Richard, you're an economist. You've analyzed elections closely for many years, why are averages so often wrong in what they seem to predict?

RICHARD:

Look averages often just conceal more than they reveal. Averages are often mathematically correct, but logically meaningless. The other thing is of course that as our society becomes more complicated as social media means that people in one state can consume quite different media than people in others, then talking about how the average Australian feels is just less and less meaningful. There really never was an average Australian.

Archival tape — Unidentified woman 1:

“Early results are in: it shows that a typical Australian is a 38 years old woman of English ancestry.”
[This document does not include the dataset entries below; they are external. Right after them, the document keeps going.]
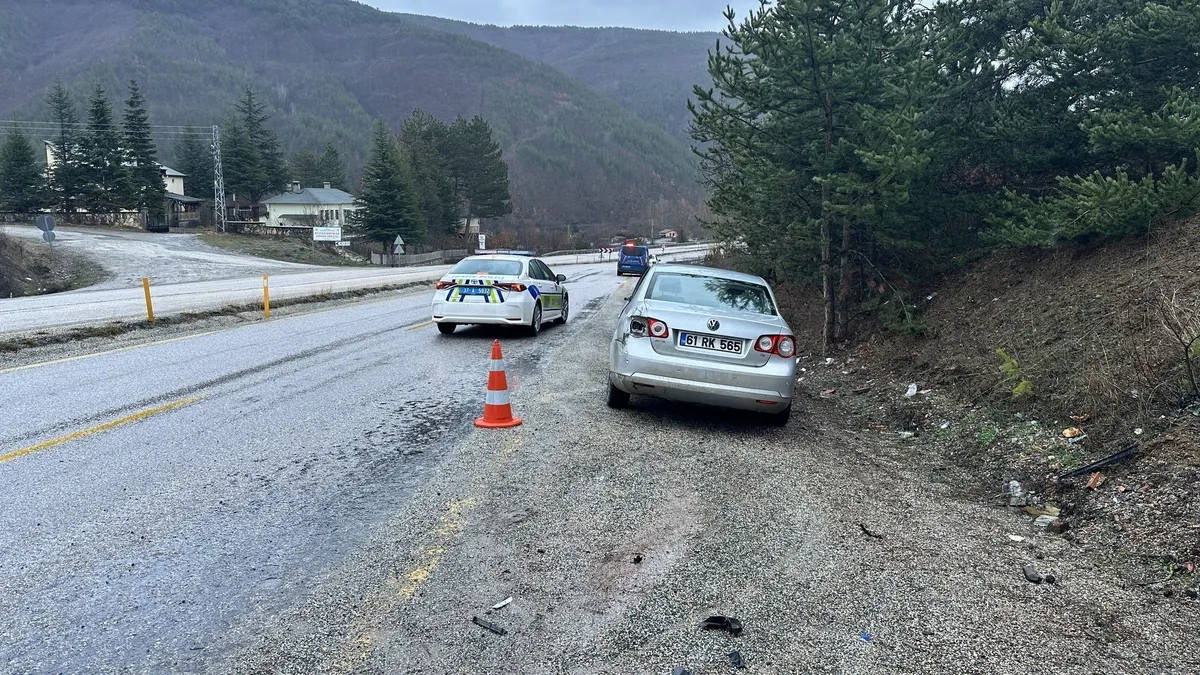 Kayak merkezine gitmek için yola çıkan aile kaza yaptı: 3 yaralı
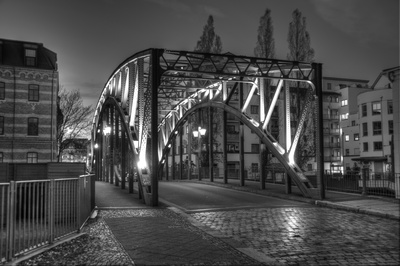 Brücke am Abend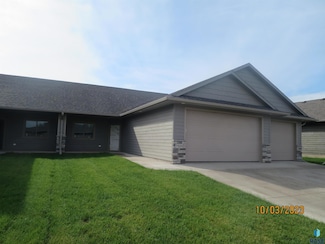 7509 W Flowerfields Place, Sioux Falls, SD 57106
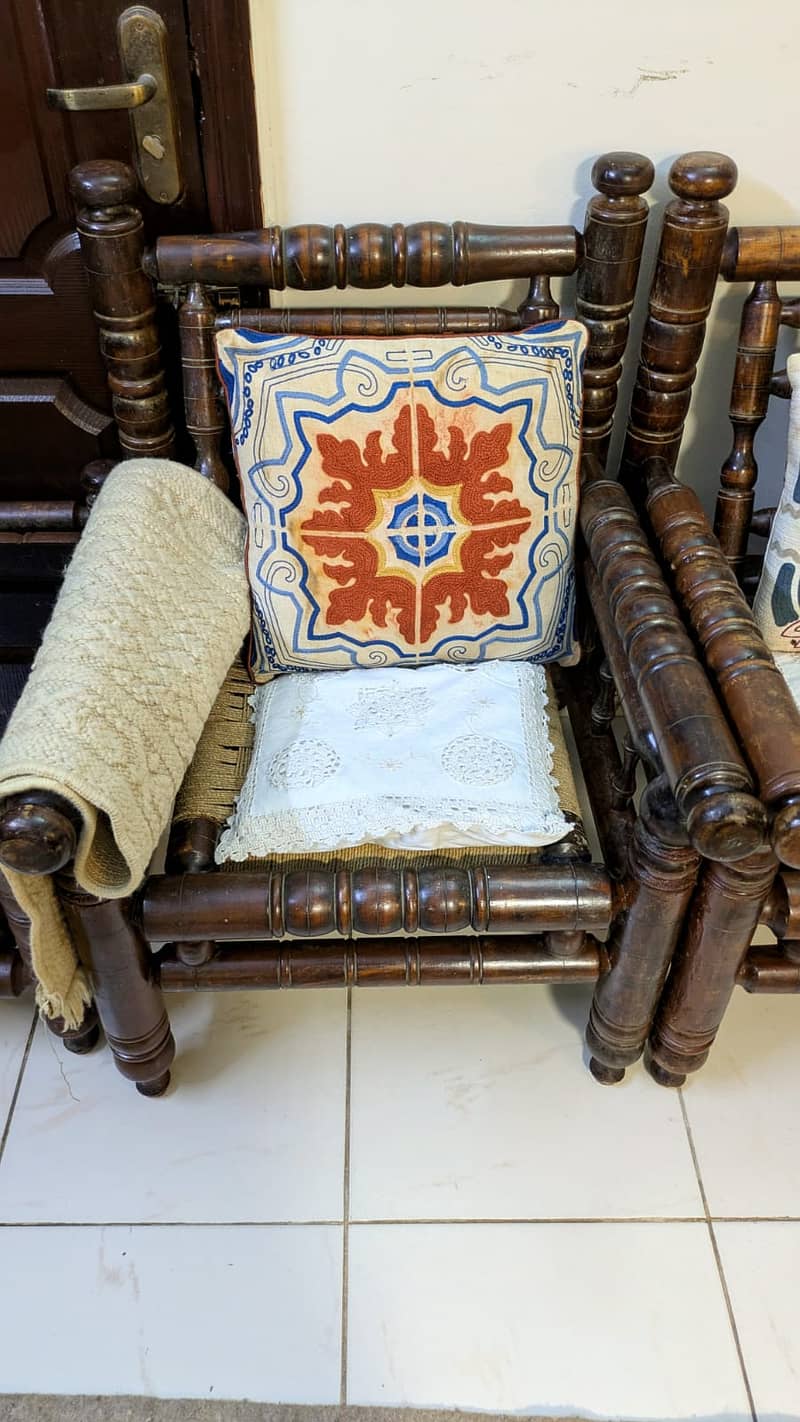 4 seater Sofa Set with 3 tables 2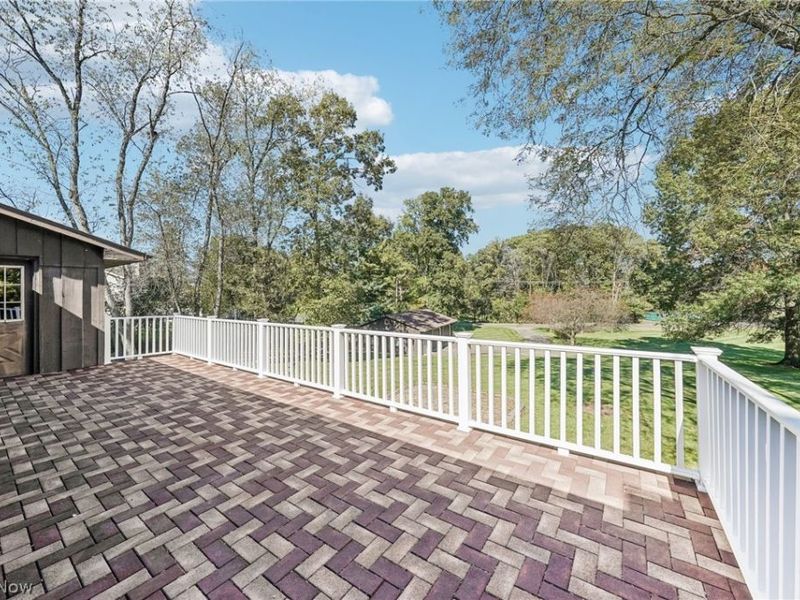 3055 Townsend Street NW, Uniontown, OH 44685 Photo 34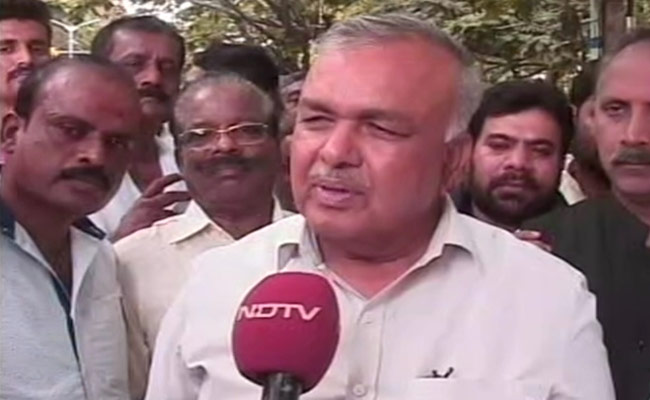 Congress In No Hurry To Fill Six Vacant Cabinet Berths In Karnataka
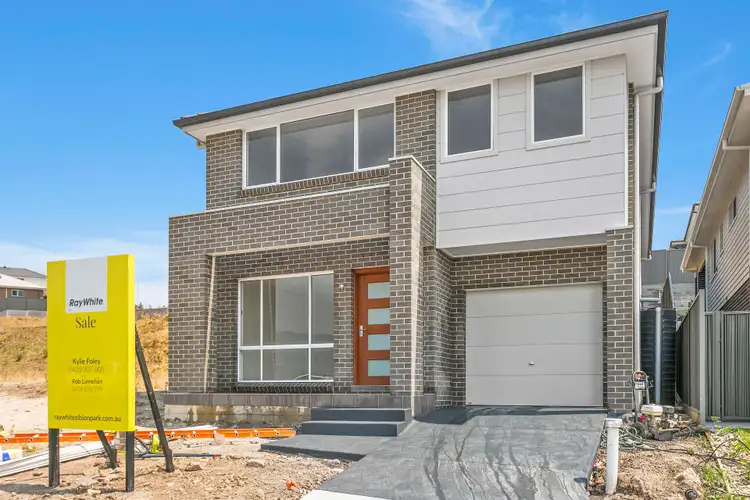 5 McNevin Close, Calderwood NSW 2527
Archival tape — Unidentified man:

“Now as the typical Australian late-30’s woman of English ancestry, what concerns you about Australia?”

Archival tape — Unidentified woman 2:

“Sharia.”

Archival tape — Unidentified man:

“Right, do you mean Sharia law?”

Archival tape — Unidentified woman 2:

“No, my niece Sharyya, with two Y’s”

RICHARD:

So most people don't really think about what an average means. We talk about the average unemployment rate in Australia, even though the unemployment rate in the eastern suburbs of Sydney is far, far lower than the unemployment rate in Northern Tasmania. We talk about the average cost of living, even though we don't all buy the same things and of course we talk about the average of the national polls and that average just doesn't tell us much anymore.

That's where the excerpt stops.